Is z an odd integer?

1. z/3 is odd
2. 3z is odd

[Hashim B]

Aha ...

CAVEAT LECTOR: I am delirious from sleep deprivation.

Sheesh. I love this DS stuff.

Is z an odd integer is really TWO questions. Is z odd and is z an integer. Not that it matters because odd and even only apply to integers. But its good to break down what the GMAT throws at you anyway.

Alright, on DS that throw defintions at you, you should make sure you pull out the definitions and have them close to hand. There is no defintion for odd that means anything much. The defintion is for even. Even is defined to be any number divisible by two. Odd just means not even. So let's change up the question to be
Is z even?
Is z divisible by two?

We have changed their questions and made it our own it is time to take a look at our statements.
(1) z/3 = odd.
We know that z/3 is not divisible by two.
Since no twos came out of z for us to worry about, the 3 is just slight of hand ...
If the result is odd then we know that z must have been odd.
Otherwise, the two would still be 'left in' (be a factor of) z.
"look into my eyes... you are getting sleepy ...."
Sufficient.

(2) 3z is odd.
Which tells us that zis not even.
If z were even, 3z would also have been even.
Suffcient.

You may want to learn the following.

E x E = E
E x O = E
O X E = E
O x O = O.

(Send me your money you have a 3/4 chance of being even afterwards)
Similar to above for division, but with far less certainty:
(Assuming the top number is greater in each.)

E / E = could be even or odd, or fraction.
O / O = O
E / O = E
O / E = non-integer/fraction/decimal

[vsrc100]

1 is sufficent.

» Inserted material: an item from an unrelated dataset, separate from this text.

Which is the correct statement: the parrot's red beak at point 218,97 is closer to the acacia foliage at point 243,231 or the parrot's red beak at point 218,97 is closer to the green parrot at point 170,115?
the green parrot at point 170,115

I agree.
For 2, if z = 1/3, does it suffice?

[Hashim B]

1 is sufficent. I agree.
For 2, if z = 1/3, does it suffice?

Does it really matter? (Rhetorical question)
No, it does not.
We would still know that z is not even.

[gmat168]

Didn't you just contradict yourself in your last answer, Hashim?

So 2 is NOT sufficient. Only 1 in sufficient.

[Hashim B]

Didn't you just contradict yourself in your last answer, Hashim?

So 2 is NOT sufficient. Only 1 in sufficient.

I think so, I do tend to make lots of careless errors. I always wonder how I get my math scores.

Hence CAVEAT LECTOR.

The explanation from this this morning assumes that z is an integer and all good test-takers know that we make NO ASSUMPTION in DS. This is actually an extremely sloppy error that would earn any of my students many frowns because assuming the integer ignores one and one and zero are fodder for all sorts of sneaky stuff on the GMAT.

[gmat168]

Where do you teach, if I may ask?

[gmatguy]

A it is

[DEVIKA]

why can't the answer be D
since 3 is odd z has to be odd for 3z to be odd, right!
if i am wrong please explain

[gmat168]

z= 1/3